§ Task requirements
Keep the images out and copy every entry below exactly.

§ Given data
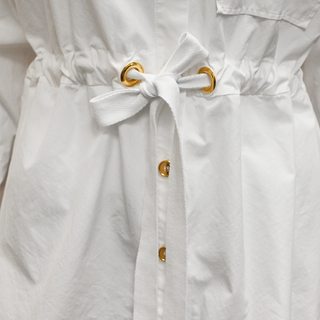 ALEXANDER MCQUEEN | Cinch Cotton Blouse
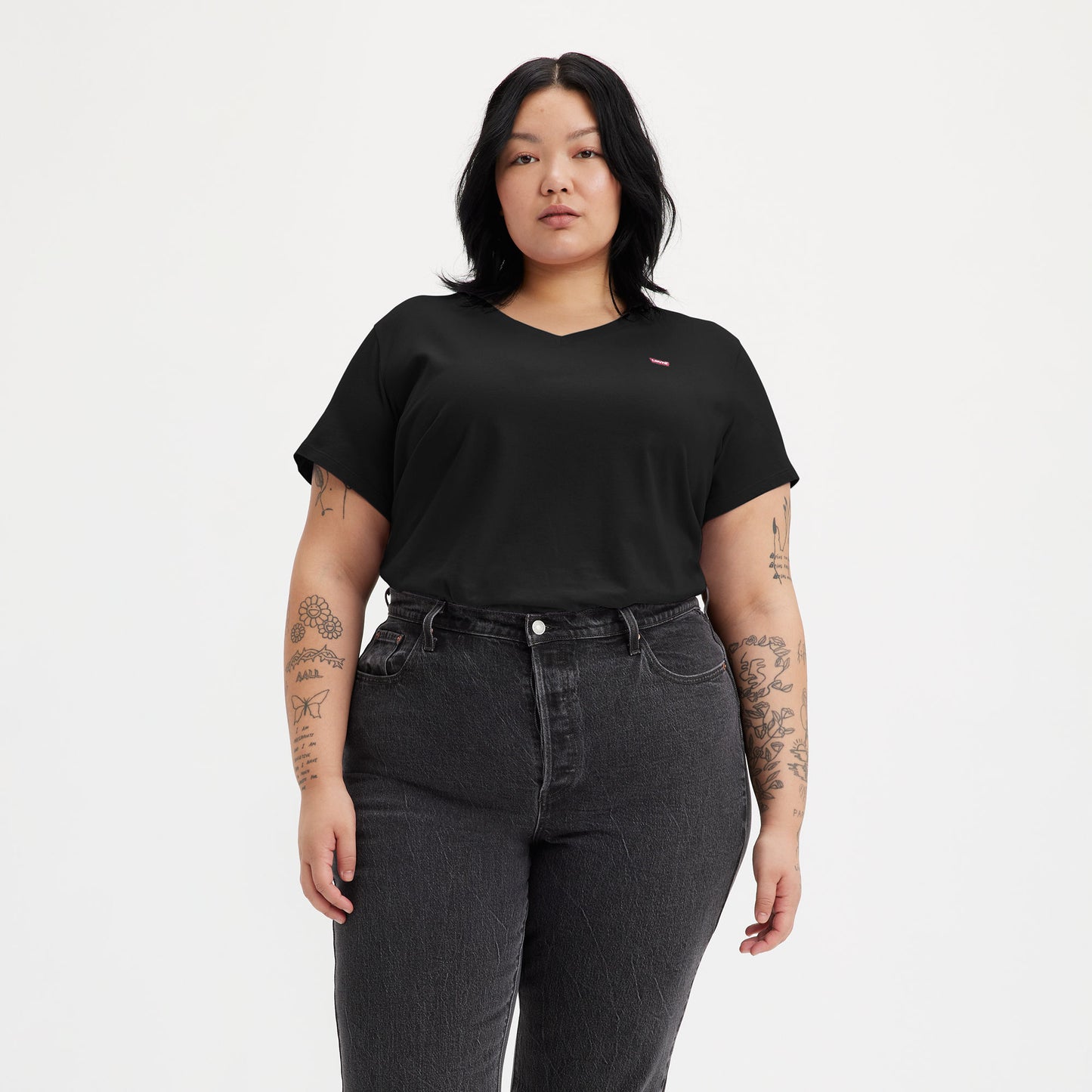 Levi's® Women's V-Neck T-Shirt (Plus Size)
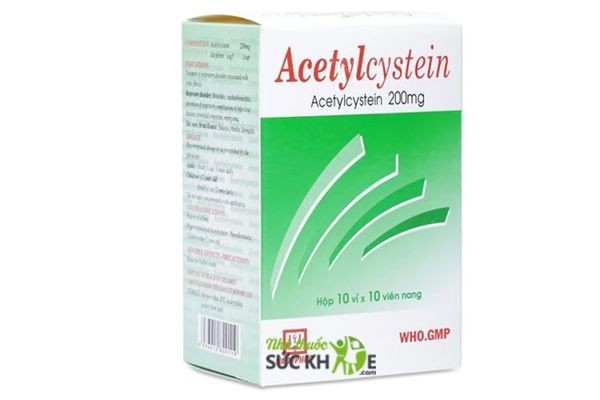 Thuốc điều trị bệnh đường hô hấp Acetylcystein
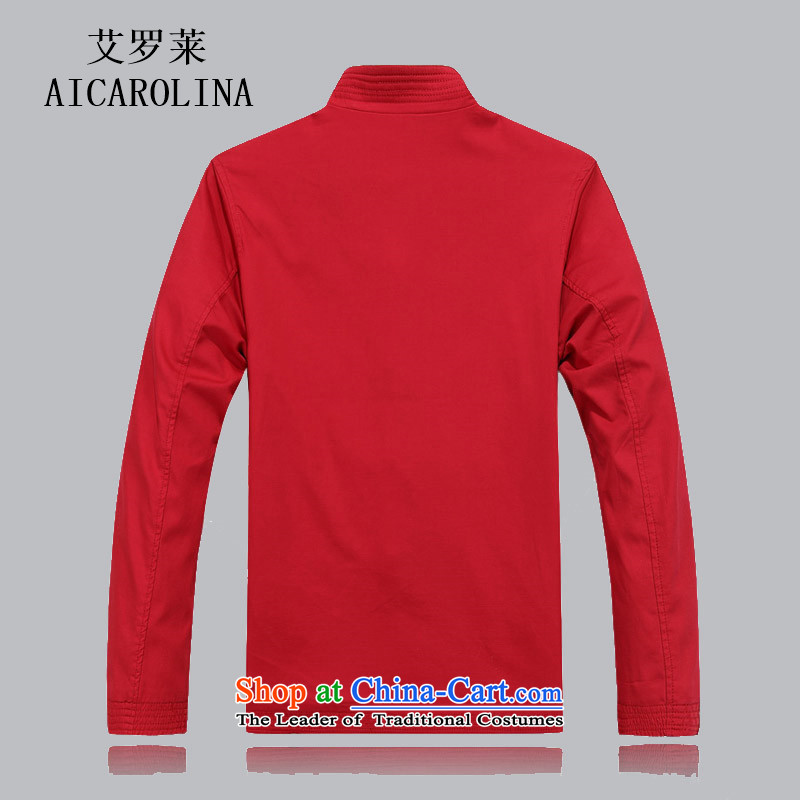 Hiv Rollet men Tang dynasty autumn and winter in long-sleeved older fu shou Tang Jacket coat gown collar chinese red color XXL, HIV ROLLET (AICAROLINA) , , , shopping on the Internet
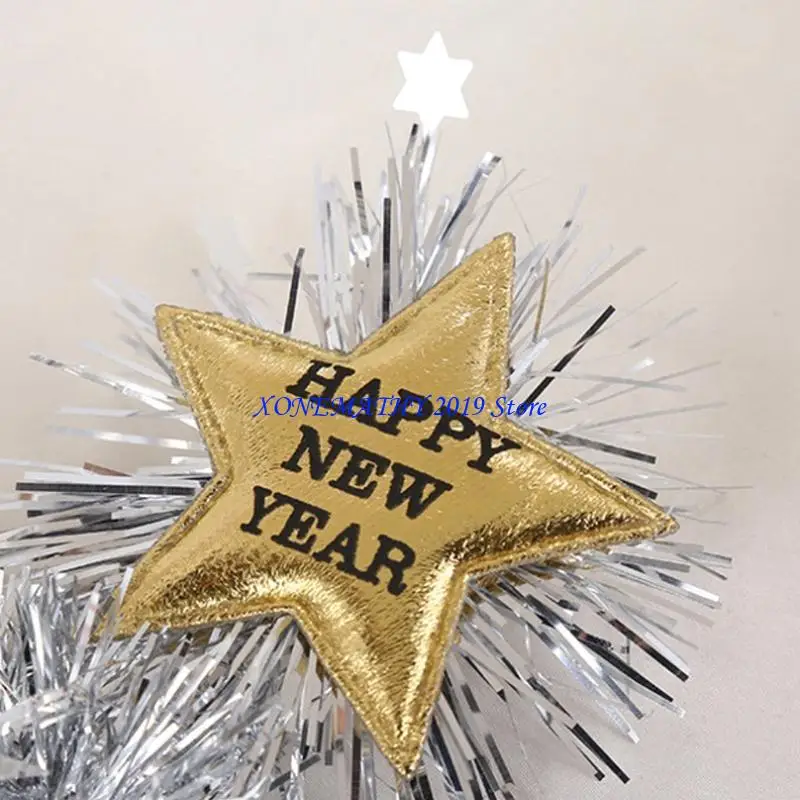 

F42F Christmas Headband New Year Party Decor Hairband Photo Props Xmas Eve for Girls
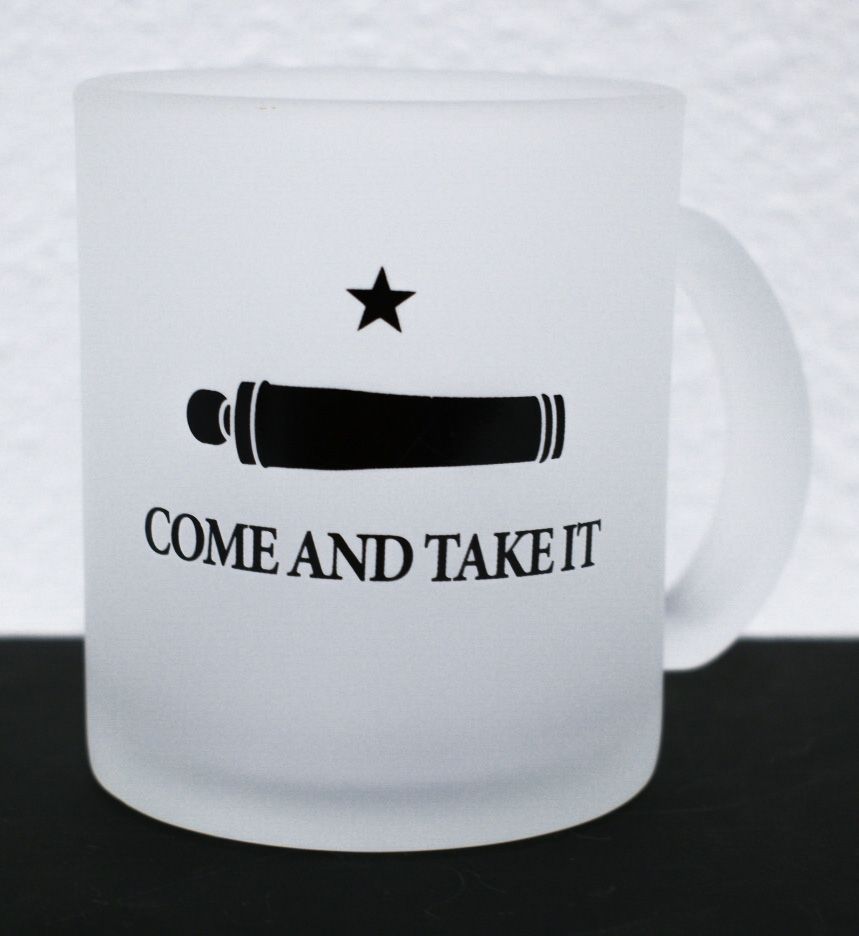 FROSTED MUG, COME TAKE IT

§ Response to this task
 ALEXANDER MCQUEEN | Cinch Cotton Blouse
 Levi's® Women's V-Neck T-Shirt (Plus Size)
 Thuốc điều trị bệnh đường hô hấp Acetylcystein
 Hiv Rollet men Tang dynasty autumn and winter in long-sleeved older fu shou Tang Jacket coat gown collar chinese red color XXL, HIV ROLLET (AICAROLINA) , , , shopping on the Internet

F42F Christmas Headband New Year Party Decor Hairband Photo Props Xmas Eve for Girls
 FROSTED MUG, COME TAKE IT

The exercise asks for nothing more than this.